Monday, April 30, 2007

Media Coverage

It's taken me this long to have something to say about the Virginia Tech shootings, mainly because I like to think about things until I have a conclusion to the point I'm worrying over before I share with people. In this case, I don't have a conclusion, but in these situations,
is there one?

I still don't have anything to say on the shooting itself. It was on every newscast and on the front page of every paper for days and days afterwards. And I thought what I think every time something like this happens and the news cameras swoop in like vultures to capture every tearful tribute to the victims. I've always struggled with this. "Leave them alone!" I want to scream at the news people; "Why can't you let them mourn their dead in peace?" Maybe it's just my personality, being private and reserved, and knowing that if something (God forbid) had happened to my family or friends, I would not want it clobbered all over the media for everyone and their mother's morbid entertainment of the evening. I hate it that the networks capitalize on people's pain for their own already bloated bank accounts in the name of "news".
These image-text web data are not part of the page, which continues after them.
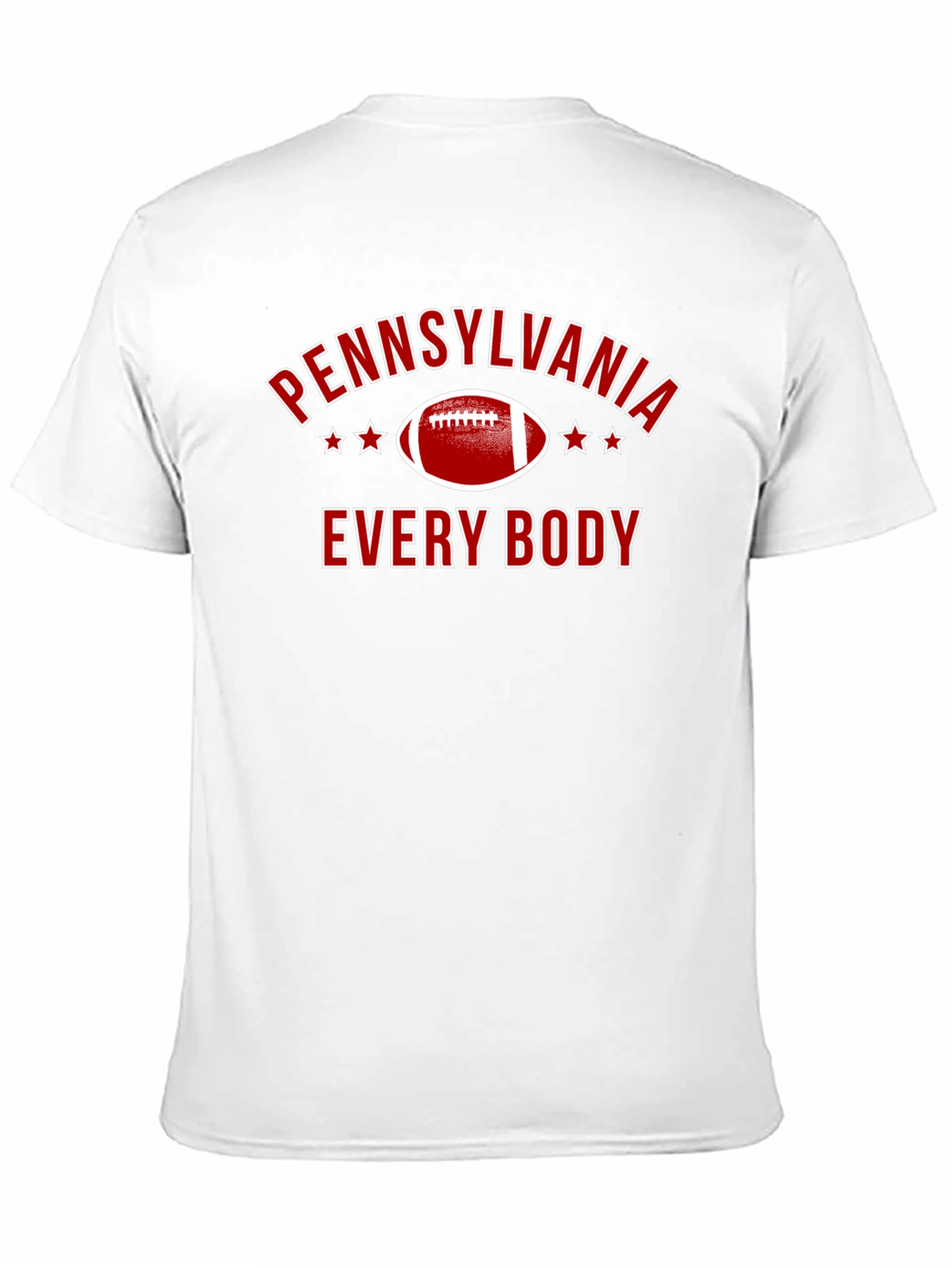 Pennsylvania Football T-Shirt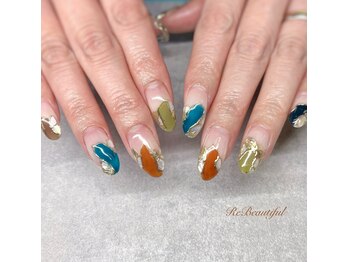 リ ビューティフル(Re Beautiful)/こだわりデザイン(ハンド)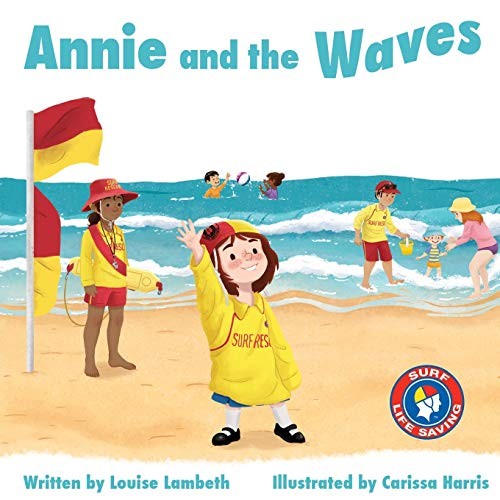 Louise Lambeth Annie and the Waves (Paperback) (UK IMPORT)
And the constant loop of the shooter's delusions? Absolutely disgusting. He killed people to get attention--and boy he got it all right. He got everything he wanted, his paranoid grudges aired out for the whole world to see over and over and over. And this doesn't fall into the catagory of "letting the terrorists win" because...?
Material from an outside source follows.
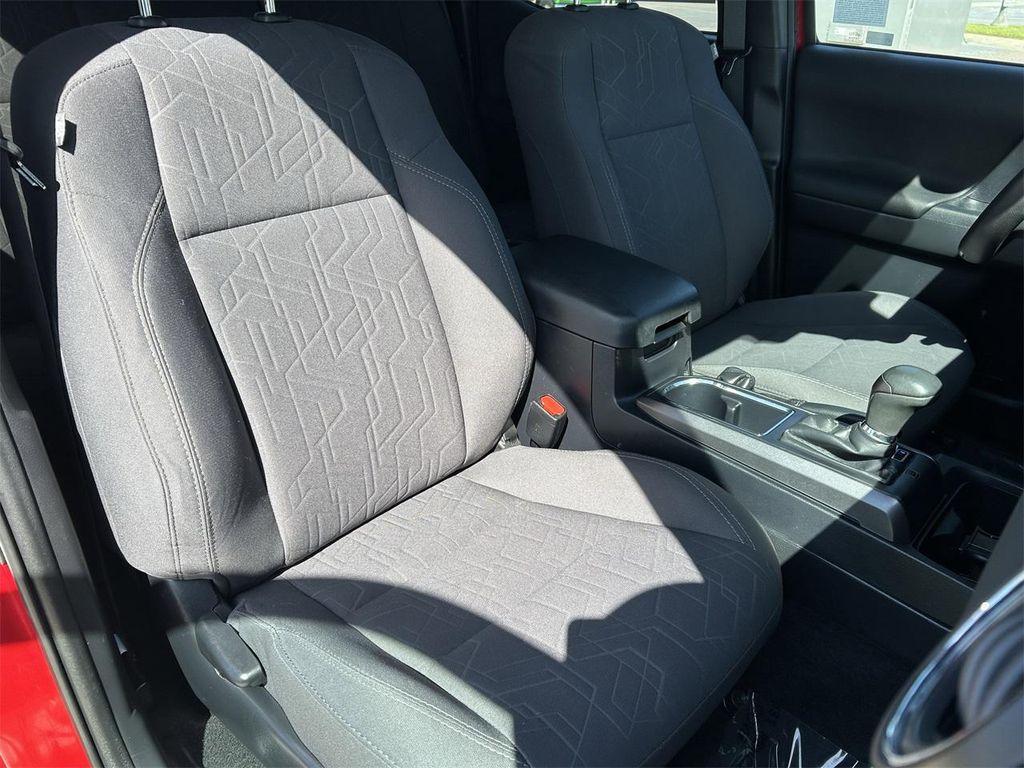 used 2018 Toyota Tacoma car, priced at $32,496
But on the other hand, something like this shouldn't be just ignored. The victims deserve to be noticed and remembered. It does matter. The people matter. And how are they supposed to balance the vulture with the rightful attention? I don't know. Everyone blames the media, but the media wouldn't do it if people didn't buy into it. The public is just as much to blame: and not just some amorphous blob, but the individual people in it. The millions of individual people that will turn on their TVs and buy the newspaper only when it's splashed with gory excitement.

Perhaps what burns me is the selective nature of their attention. Mass shootings at universities happen with alarming frequency in the Middle East and Iraq (here is a full article on that) that create barely a blip on the media radar besides a droning list of numbers. Given the dangers of reporting in a war zone, I'm not going to condemn the media on that point. But I'd like to point out that even if they can't get the kind of footage that they played over and over again from Virginia, I'm sure they'd be able to get something. Those victims deserve to be noticed and humanized as well.